しかし、都知事のアイデアはあくまでも豊洲は冷凍・冷蔵など大型加工機能に特化させ、それ以外の部分(従来通りのせりなど)は築地再開発後に引き続き築地が受け持つ、という「両者継続」のアイデアです。そのうえで、築地については今ある築地ブランドを中核にして、「食のテーマパークのような活用の仕方をしたい」、というのが骨子です。

もっとも、日本経済新聞などは「豊洲・築地二兎追う開発」、と否定的にも見える報道をしていましたね。

豊洲移転問題については、すでに6月9日に出た記事「ぐっちーさん『豊洲移転など、ありえない』」のとおりです。細かい話については、この記事に登場してくださった竹内昌義さん(市場問題プロジェクトチームのメンバー、東北芸術工科大学教授)と再度対談をしてお話したいと思いますが、まずは「とりあえずのコメント」だけしておきたいと思います。ですから、今回は「都知事の決定にかかわるプロセスが不透明だ」、とか「その他の政治的手法」などに関しては、一切言及しません。純粋に金融・ビジネス(経営)の立場から見た意見であるということに御留意ください。

「そもそも論」で、築地の機能をそのまま豊洲に移しても赤字になることは目に見えていたわけですから(前出の「竹内対談」にはかなりの反論を頂きましたが、これについての大きな反論は出ませんでした)、都知事の基本方針が、一つのソリューションになり得るとは言えるでしょう。

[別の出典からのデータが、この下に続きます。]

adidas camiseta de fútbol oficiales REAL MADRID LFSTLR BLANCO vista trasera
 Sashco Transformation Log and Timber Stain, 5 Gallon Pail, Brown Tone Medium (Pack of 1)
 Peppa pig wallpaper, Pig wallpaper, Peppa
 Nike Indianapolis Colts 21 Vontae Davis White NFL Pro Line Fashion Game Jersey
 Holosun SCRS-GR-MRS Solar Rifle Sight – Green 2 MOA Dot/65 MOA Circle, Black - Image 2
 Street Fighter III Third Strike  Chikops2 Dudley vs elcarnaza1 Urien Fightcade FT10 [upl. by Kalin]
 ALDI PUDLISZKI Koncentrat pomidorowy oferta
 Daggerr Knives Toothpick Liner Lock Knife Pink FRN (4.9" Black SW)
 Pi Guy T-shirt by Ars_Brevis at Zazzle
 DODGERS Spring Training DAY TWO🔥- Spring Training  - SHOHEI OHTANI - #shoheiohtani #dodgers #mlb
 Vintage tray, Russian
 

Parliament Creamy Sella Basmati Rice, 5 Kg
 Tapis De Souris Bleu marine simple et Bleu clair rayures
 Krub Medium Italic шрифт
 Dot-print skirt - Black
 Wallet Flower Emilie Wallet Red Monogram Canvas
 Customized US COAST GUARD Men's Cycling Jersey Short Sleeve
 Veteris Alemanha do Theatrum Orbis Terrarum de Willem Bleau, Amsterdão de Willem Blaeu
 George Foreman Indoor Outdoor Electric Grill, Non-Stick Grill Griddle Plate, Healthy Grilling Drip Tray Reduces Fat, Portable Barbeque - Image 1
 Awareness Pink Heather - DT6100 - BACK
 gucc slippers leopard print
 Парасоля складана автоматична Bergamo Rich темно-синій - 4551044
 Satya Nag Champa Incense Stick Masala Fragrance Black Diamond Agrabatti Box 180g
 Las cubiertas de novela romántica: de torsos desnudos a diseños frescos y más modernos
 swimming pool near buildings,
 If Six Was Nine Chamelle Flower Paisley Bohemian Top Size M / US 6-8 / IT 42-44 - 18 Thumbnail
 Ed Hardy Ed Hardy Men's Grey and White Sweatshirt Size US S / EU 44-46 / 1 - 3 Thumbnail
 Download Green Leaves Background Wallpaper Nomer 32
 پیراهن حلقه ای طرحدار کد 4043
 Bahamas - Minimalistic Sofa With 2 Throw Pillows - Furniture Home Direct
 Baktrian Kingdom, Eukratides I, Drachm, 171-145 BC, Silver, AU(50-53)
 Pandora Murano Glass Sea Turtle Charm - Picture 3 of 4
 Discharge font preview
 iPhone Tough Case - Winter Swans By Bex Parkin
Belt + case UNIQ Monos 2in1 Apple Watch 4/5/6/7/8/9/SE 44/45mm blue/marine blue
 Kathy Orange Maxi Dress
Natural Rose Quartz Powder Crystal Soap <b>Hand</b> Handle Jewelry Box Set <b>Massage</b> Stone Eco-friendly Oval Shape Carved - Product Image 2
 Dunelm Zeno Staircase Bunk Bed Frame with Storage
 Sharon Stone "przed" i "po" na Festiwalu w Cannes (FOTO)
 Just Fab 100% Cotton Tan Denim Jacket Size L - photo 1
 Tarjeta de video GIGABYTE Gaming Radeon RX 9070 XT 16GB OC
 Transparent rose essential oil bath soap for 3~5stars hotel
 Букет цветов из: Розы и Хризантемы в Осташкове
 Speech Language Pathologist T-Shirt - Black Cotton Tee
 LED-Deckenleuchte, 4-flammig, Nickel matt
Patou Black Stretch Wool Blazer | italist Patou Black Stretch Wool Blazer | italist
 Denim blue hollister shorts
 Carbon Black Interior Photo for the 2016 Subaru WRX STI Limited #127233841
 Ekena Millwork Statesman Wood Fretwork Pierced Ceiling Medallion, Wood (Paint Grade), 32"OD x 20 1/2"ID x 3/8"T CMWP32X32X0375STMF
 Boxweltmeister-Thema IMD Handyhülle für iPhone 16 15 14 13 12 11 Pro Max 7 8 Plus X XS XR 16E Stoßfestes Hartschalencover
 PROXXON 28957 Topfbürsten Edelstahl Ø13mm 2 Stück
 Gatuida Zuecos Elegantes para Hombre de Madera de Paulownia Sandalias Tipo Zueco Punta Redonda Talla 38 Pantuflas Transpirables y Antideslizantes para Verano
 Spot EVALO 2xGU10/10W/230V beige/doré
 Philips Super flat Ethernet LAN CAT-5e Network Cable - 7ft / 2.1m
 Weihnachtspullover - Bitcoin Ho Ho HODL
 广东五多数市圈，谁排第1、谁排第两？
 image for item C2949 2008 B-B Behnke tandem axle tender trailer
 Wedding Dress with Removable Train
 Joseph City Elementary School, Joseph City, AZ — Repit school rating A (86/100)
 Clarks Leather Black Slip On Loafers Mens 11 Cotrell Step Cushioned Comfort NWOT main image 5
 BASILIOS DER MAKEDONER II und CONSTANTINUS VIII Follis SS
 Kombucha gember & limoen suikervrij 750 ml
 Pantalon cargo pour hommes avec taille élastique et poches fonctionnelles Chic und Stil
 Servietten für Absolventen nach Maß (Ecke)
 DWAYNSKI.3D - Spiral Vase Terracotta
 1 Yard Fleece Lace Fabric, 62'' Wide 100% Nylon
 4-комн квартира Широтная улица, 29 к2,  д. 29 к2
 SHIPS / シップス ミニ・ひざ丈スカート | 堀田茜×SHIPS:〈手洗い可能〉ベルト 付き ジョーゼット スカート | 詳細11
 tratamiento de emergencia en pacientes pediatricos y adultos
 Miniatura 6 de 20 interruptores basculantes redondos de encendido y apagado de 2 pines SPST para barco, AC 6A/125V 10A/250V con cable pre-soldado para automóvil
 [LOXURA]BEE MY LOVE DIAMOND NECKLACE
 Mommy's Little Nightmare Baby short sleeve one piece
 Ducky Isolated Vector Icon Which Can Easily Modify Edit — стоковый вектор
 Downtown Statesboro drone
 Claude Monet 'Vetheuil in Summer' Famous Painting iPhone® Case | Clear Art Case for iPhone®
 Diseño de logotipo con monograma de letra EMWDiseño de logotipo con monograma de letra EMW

都の統計にあるように、1990(平成2)年から2016(平成28)年までに水産物取扱高はすでにほぼ半減しています。これから大幅な高齢化を迎える情勢で、水産物の取扱高のみが増加するなどあり得ない話であって、全く別のソリューションを持ち込まない限り、豊洲の赤字は拡大する一方でありました。